How is a piercing done? With a needle. It seems like a pretty easy, straight forward answer. But it hasn’t always been that way. While modern body piercing has access to some of the best, most well-crafted needles we could ask for, such wasn’t the case twenty or thirty years ago. In fact, just having access to needles was unheard of for a bit. The needle is one of the most important factors in a safe, correctly done body piercing. Without a good needle, the entire piercing experience can go sideways (or crooked). So, let’s delve into the history of the piercing needle, and how we got to the modern design we all use today.
In the ’60s and ’70s piercing was still very much underground. We were a few years away from the opening of the gauntlet in 1975 by Jim Ward. Piercing was primarily a fetish in the Leather/BDSM scene, practiced in the darkest corners of already forbidden back rooms and clubs. Since this was being practiced by people who wouldn’t dream of going out and trying to get supplies for their extracurricular activities, they made use of what they had. Sharpening wire, and using modified ice picks and nuts and bolts was common.

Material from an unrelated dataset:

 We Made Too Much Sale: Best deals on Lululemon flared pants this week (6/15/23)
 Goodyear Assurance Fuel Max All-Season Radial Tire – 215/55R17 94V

“There was nothing available at the time so it was crude. I’m not sure about the years, but in the ’60s and ’70s, that’s what they would use. The material was the same LVM surgical stainless steel but they would polish with diamond dust on a wheel to get rid of any porousness it had called orange peel. By the time they were done, it looked like a mirror! I can’t imagine the level of determination these people had. The ice pics were solid of course, and I never saw use of any of it. I came after that, but I imagine it was horrible.” –Ken Dean, Silver Anchor.